Link between FP scope of practice and burnout
In has also been noted by the authors of the study entitled ‘Burnout and Scope of Practice in New Family Physicians’ that there are particular protective benefits that are afforded to Family Physicians who set aside their time to visit their patients at their respective homes and provide obstetrical care to them alongside practicing impatient medicine.
How the study was done
The study involved two researchers led by author Lars Peterson, M.D., Ph.D., research director at the America Board of Family Medicine (ABFM) in Lexington, Ky., and Amanda Weidner, M.P.H., a research scientist at the University of Washington Family Medicine Residency Network in Seattle.
After the study, the team corresponded with AAFP News about the study and its results. They both came in an agreement that their main finding was somewhat unexpected.
Before they began the study, Peterson argued that the association of broader scope of practice and burnout could go either way.
“Given our past findings, which had it that there is a higher probability of early-career family physicians to be burned out, I used to think that the stress of starting career and adapting to independent practice would result into higher burnout in those who were doing more. I was a little surprised when the results were opposite what I thought”, said Peterson
Weidner also added that they were not sure of which way the association might go. The team was pleasantly surprised with their findings.
Timely, Important Topics
The timeliness of the study was noted by the author, given the increasing focus regarding burnout among physicians from United States of America.

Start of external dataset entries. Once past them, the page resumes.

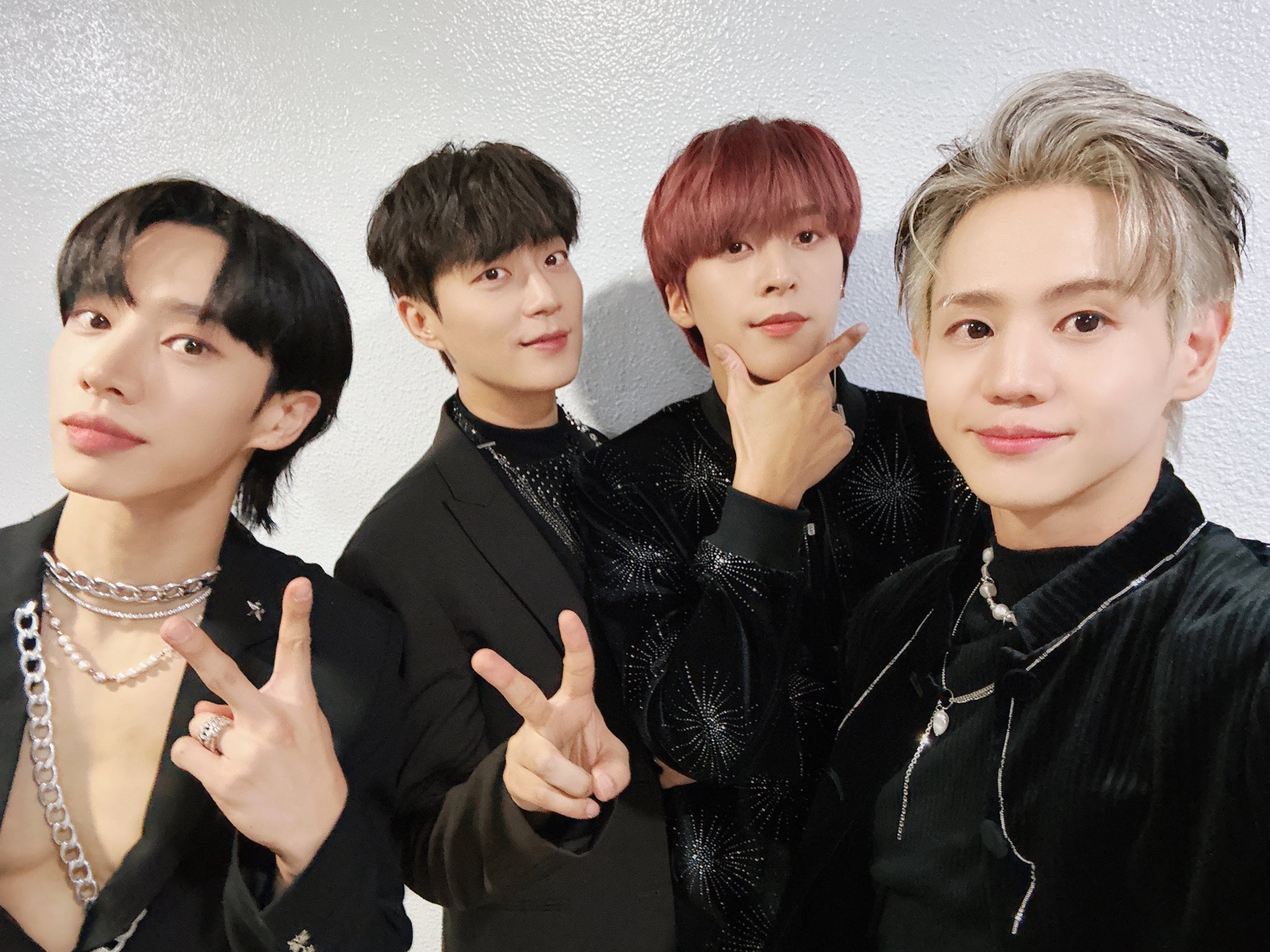 ให้ภาพเล่าเรื่อง! ชมลีลา 4 หนุ่มวง HIGHLIGHT เชียร์ทีมชาติเกาหลีใต้สู้ศึกฟุตบอลโลก ให้ภาพเล่าเรื่อง! ชมลีลา 4 หนุ่มวง HIGHLIGHT เชียร์ทีมชาติเกาหลีใต้สู้ศึกฟุตบอลโลก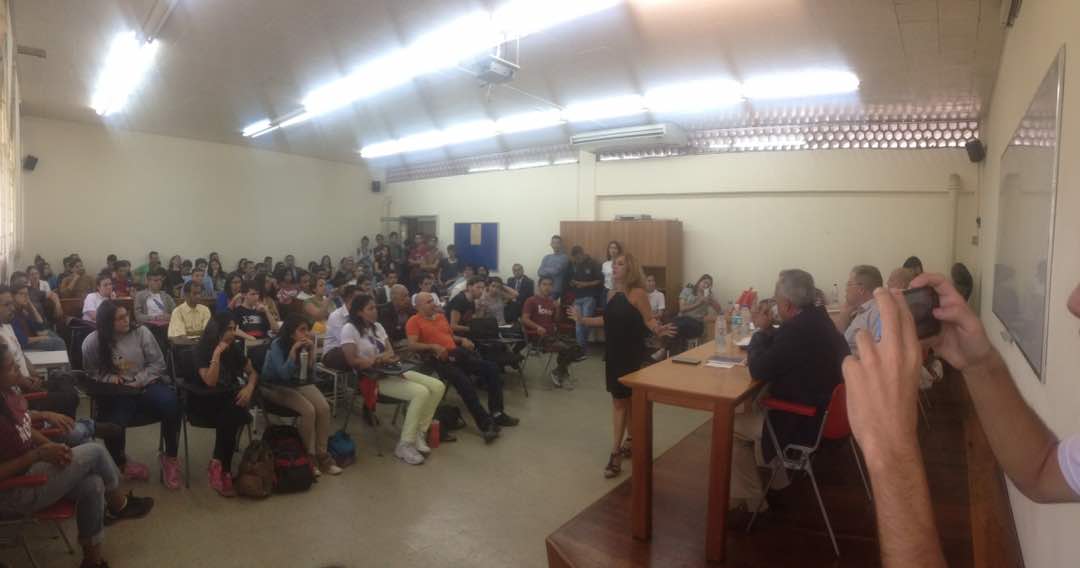 Estudiantes de la UCV protagonistas del debate de cara al 20 de mayo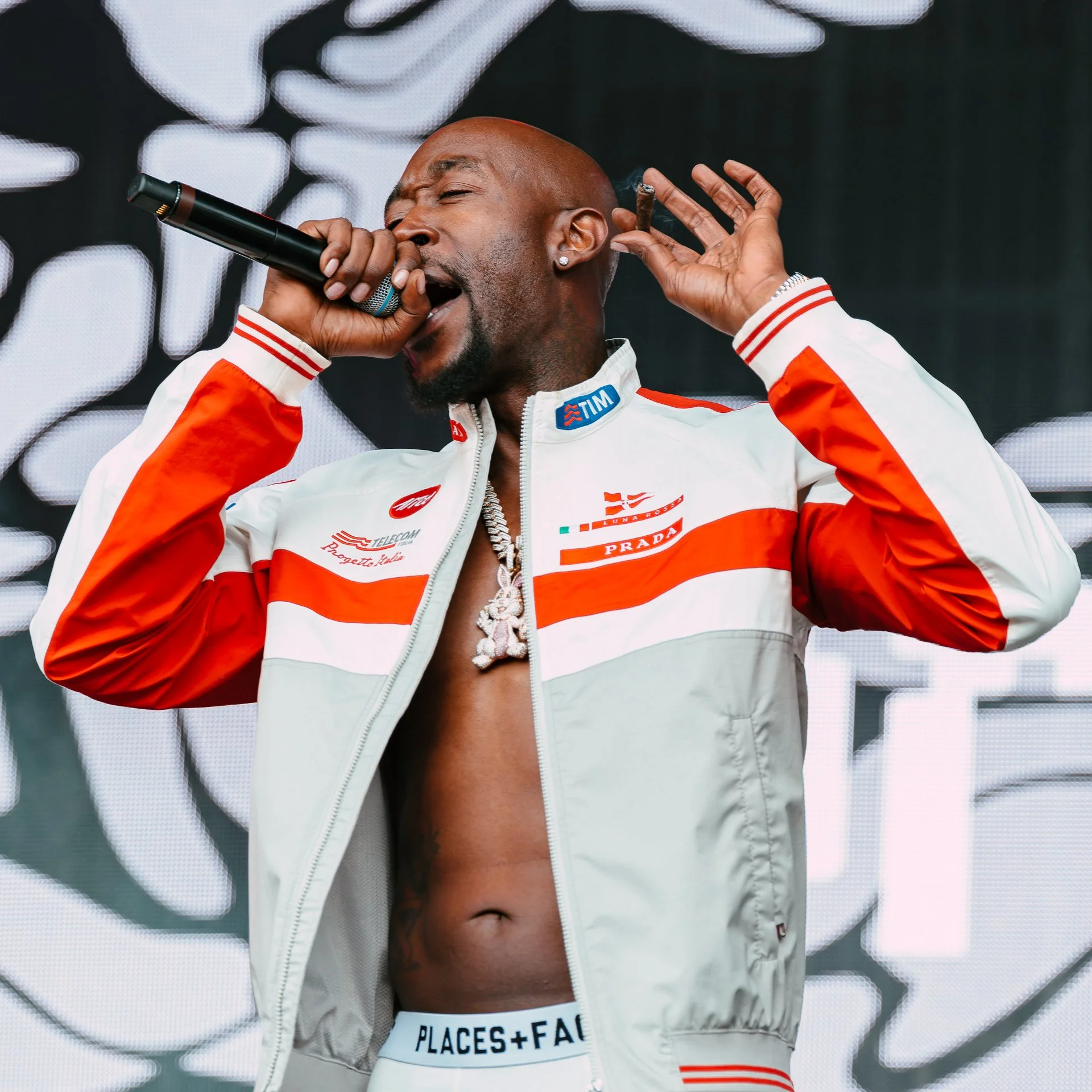 Freddie-Gibbs-&-Madlib-Project-6-Festival-May-24-2024-Screen-23.jpg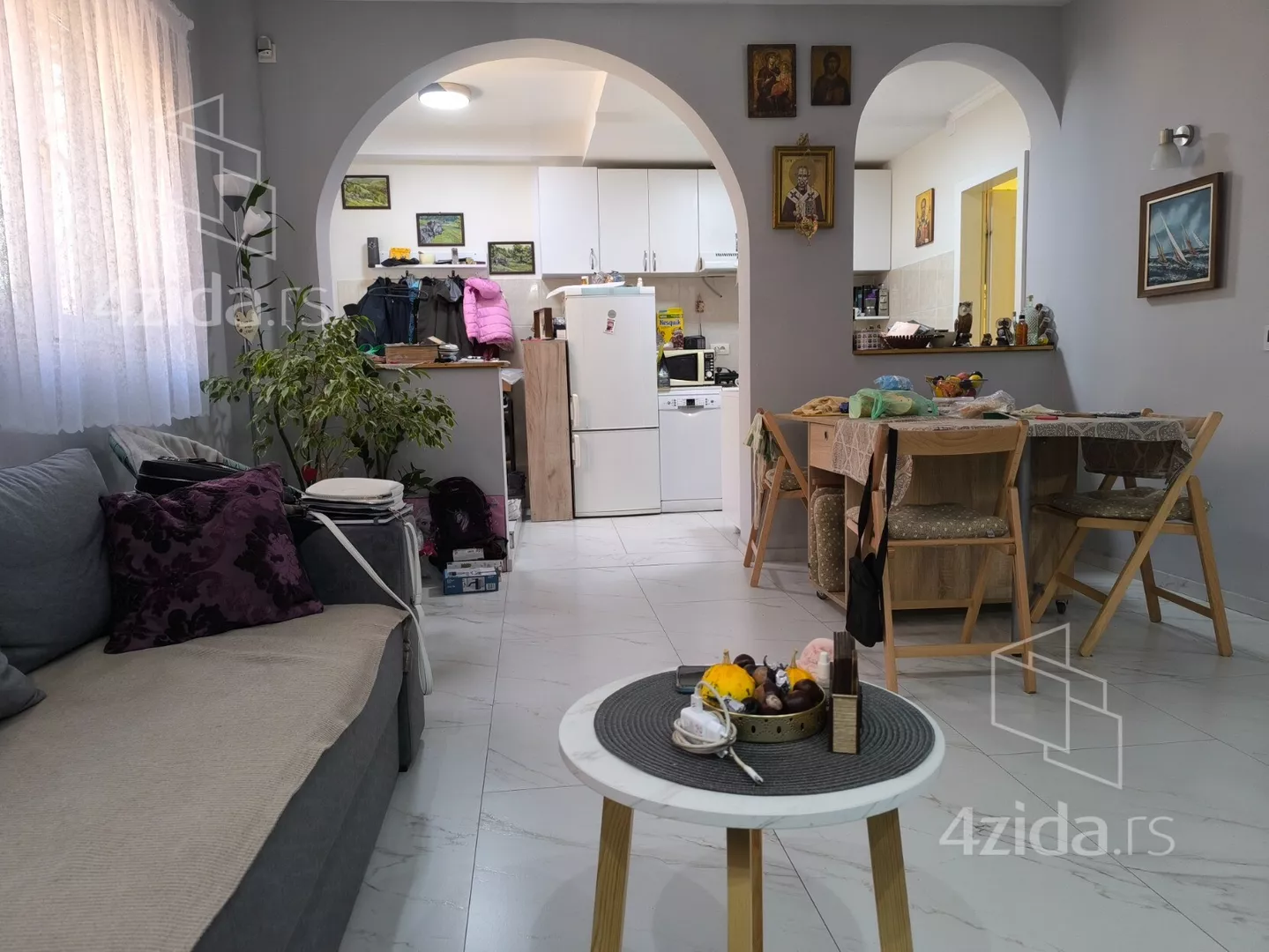 Dvoiposoban stan | 4zida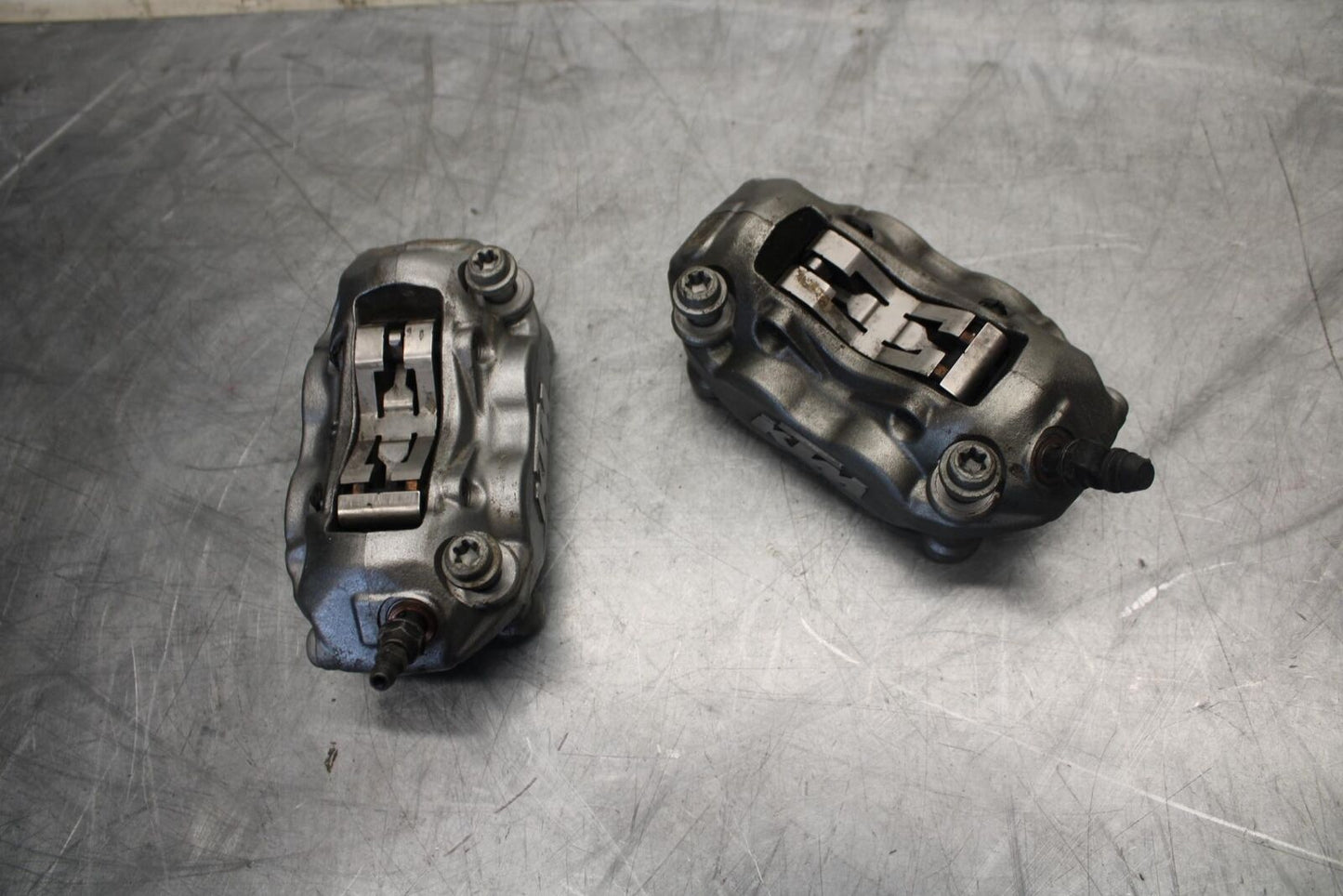 22 KTM 890 ADVENTURE RIGHT LEFT FRONT BRAKE CALIPER SET PAIR CALIPERS BB514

Burnout is being recognized to be one of the major problems in the field of medicine- with a large number of physicians who are more likely to suffer burnout as compared to the general public.
As pointed out by Peterson, there is no evenly distribution of the problem among the physician specialties since one of the higher rates is witnessed among family physicians. Early-career family physicians have more distressing rates as compared to those physicians who have been in practice for a longer period.
The researcher team benefited a lot from the ABFM’s relatively new National Family Medicine Graduate Survey, as well as the kind of data collected by the ABFM together with its processes in certification and recertification.
Weidner said that they were not in possession of a whole lot of national data about burnout in family physicians until recently and that they were lacking the ability to conduct comparison to other variables.
Family physician of any age is expected to appreciate the importance of the research findings since they relate to individual physicians and the same applies to the overall healthcare system that always seeks opportunities with the aim of improving patient care and lower costs.